Data excerpt:
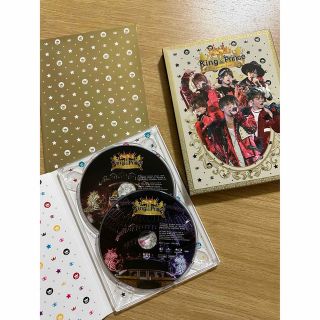 キングアンドプリンス(King & Prince)のキンプリ　ファーストコンサート　dvd 初回限定盤　2 ブルーレイ(アイドルグッズ)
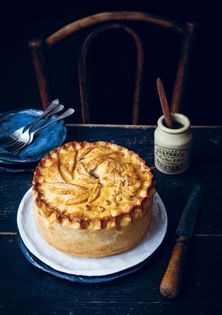 Hot water crust pastry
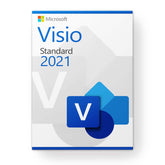 Microsoft Visio 2021 Standard licenses for 3 devices - Dghut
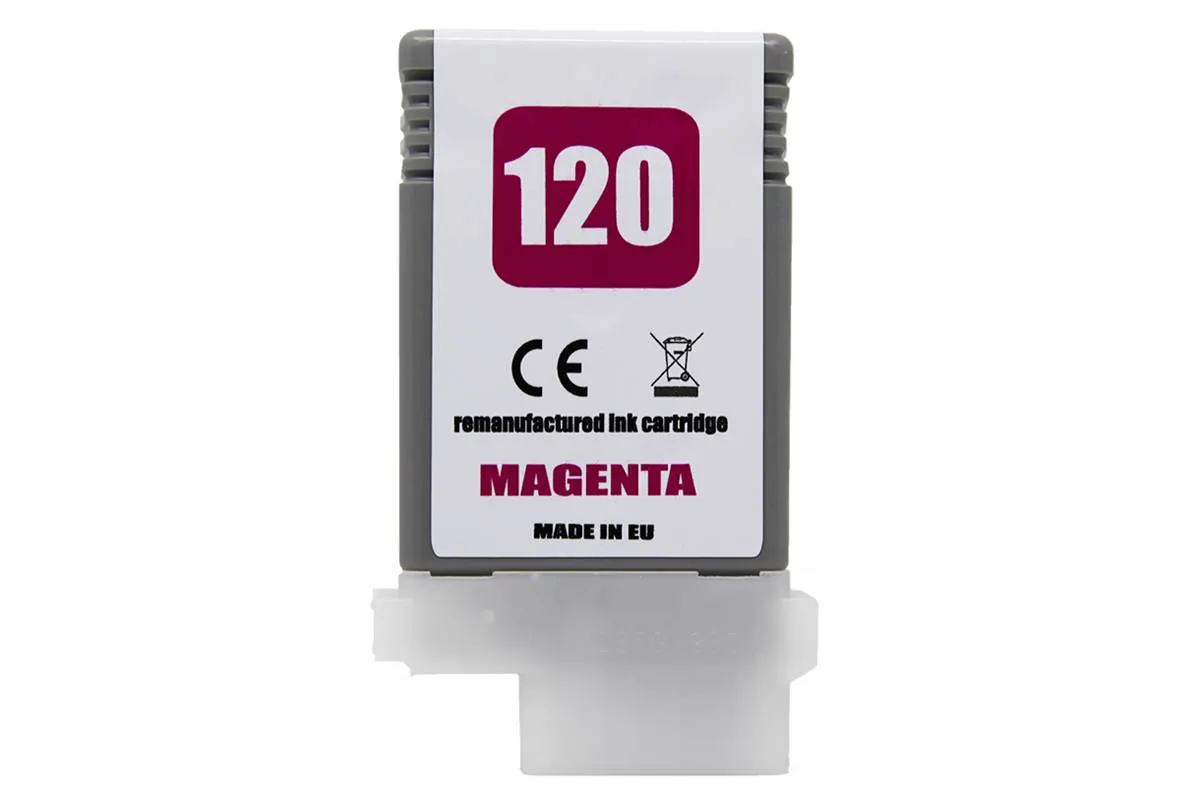 Tinte kompatibel zu Canon PFI-120M / 2887C001 magenta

Directions for this task: Repeat only the lines from the one with "Microsoft Visio 2021" through the end of the data, both included and exactly as written. Pictures stay out of the copy.

Result of this task:
 Microsoft Visio 2021 Standard licenses for 3 devices - Dghut
 Tinte kompatibel zu Canon PFI-120M / 2887C001 magenta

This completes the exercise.